▶ [SOURCE RECORDS]
● ● ●

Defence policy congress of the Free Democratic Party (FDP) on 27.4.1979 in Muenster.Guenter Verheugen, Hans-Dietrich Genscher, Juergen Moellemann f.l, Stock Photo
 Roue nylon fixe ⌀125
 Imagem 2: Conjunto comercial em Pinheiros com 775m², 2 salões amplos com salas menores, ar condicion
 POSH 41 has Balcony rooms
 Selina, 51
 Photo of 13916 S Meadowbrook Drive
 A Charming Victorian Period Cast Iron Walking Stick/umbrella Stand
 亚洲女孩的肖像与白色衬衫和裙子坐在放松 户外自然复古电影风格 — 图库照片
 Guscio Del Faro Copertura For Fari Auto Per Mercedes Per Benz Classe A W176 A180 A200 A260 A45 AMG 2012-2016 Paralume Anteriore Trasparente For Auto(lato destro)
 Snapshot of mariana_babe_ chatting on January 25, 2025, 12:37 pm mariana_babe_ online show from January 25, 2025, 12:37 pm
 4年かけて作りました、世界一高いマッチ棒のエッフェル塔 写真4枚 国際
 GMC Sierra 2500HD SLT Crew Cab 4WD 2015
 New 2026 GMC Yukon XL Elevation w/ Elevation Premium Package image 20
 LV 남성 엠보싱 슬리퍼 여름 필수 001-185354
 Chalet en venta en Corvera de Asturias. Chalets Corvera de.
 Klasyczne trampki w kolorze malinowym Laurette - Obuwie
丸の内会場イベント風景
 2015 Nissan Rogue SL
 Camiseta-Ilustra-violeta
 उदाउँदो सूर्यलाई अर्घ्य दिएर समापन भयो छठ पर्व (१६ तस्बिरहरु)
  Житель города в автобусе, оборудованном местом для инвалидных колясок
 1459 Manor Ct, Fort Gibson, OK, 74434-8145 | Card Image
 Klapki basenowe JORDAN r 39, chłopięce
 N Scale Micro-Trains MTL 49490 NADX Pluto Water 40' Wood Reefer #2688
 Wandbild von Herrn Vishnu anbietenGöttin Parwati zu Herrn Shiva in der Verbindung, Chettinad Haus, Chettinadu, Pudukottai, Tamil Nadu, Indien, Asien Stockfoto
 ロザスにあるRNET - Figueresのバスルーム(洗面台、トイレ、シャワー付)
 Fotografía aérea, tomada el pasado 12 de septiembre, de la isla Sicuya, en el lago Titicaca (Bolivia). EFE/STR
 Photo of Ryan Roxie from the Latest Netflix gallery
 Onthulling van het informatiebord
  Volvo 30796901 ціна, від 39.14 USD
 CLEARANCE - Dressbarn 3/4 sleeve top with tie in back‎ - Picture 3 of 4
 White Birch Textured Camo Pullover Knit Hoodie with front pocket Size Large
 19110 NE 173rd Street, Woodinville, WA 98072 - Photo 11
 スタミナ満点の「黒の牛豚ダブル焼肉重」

● ● ●

▶ [WHAT THE TASK ASKS] Give every line of the material again, exactly.

▶ [TASK OUTPUT]
Defence policy congress of the Free Democratic Party (FDP) on 27.4.1979 in Muenster.Guenter Verheugen, Hans-Dietrich Genscher, Juergen Moellemann f.l, Stock Photo
 Roue nylon fixe ⌀125
 Imagem 2: Conjunto comercial em Pinheiros com 775m², 2 salões amplos com salas menores, ar condicion
 POSH 41 has Balcony rooms
 Selina, 51
 Photo of 13916 S Meadowbrook Drive
 A Charming Victorian Period Cast Iron Walking Stick/umbrella Stand
 亚洲女孩的肖像与白色衬衫和裙子坐在放松 户外自然复古电影风格 — 图库照片
 Guscio Del Faro Copertura For Fari Auto Per Mercedes Per Benz Classe A W176 A180 A200 A260 A45 AMG 2012-2016 Paralume Anteriore Trasparente For Auto(lato destro)
 Snapshot of mariana_babe_ chatting on January 25, 2025, 12:37 pm mariana_babe_ online show from January 25, 2025, 12:37 pm
 4年かけて作りました、世界一高いマッチ棒のエッフェル塔 写真4枚 国際
 GMC Sierra 2500HD SLT Crew Cab 4WD 2015
 New 2026 GMC Yukon XL Elevation w/ Elevation Premium Package image 20
 LV 남성 엠보싱 슬리퍼 여름 필수 001-185354
 Chalet en venta en Corvera de Asturias. Chalets Corvera de.
 Klasyczne trampki w kolorze malinowym Laurette - Obuwie
丸の内会場イベント風景
 2015 Nissan Rogue SL
 Camiseta-Ilustra-violeta
 उदाउँदो सूर्यलाई अर्घ्य दिएर समापन भयो छठ पर्व (१६ तस्बिरहरु)
  Житель города в автобусе, оборудованном местом для инвалидных колясок
 1459 Manor Ct, Fort Gibson, OK, 74434-8145 | Card Image
 Klapki basenowe JORDAN r 39, chłopięce
 N Scale Micro-Trains MTL 49490 NADX Pluto Water 40' Wood Reefer #2688
 Wandbild von Herrn Vishnu anbietenGöttin Parwati zu Herrn Shiva in der Verbindung, Chettinad Haus, Chettinadu, Pudukottai, Tamil Nadu, Indien, Asien Stockfoto
 ロザスにあるRNET - Figueresのバスルーム(洗面台、トイレ、シャワー付)
 Fotografía aérea, tomada el pasado 12 de septiembre, de la isla Sicuya, en el lago Titicaca (Bolivia). EFE/STR
 Photo of Ryan Roxie from the Latest Netflix gallery
 Onthulling van het informatiebord
  Volvo 30796901 ціна, від 39.14 USD
 CLEARANCE - Dressbarn 3/4 sleeve top with tie in back‎ - Picture 3 of 4
 White Birch Textured Camo Pullover Knit Hoodie with front pocket Size Large
 19110 NE 173rd Street, Woodinville, WA 98072 - Photo 11
 スタミナ満点の「黒の牛豚ダブル焼肉重」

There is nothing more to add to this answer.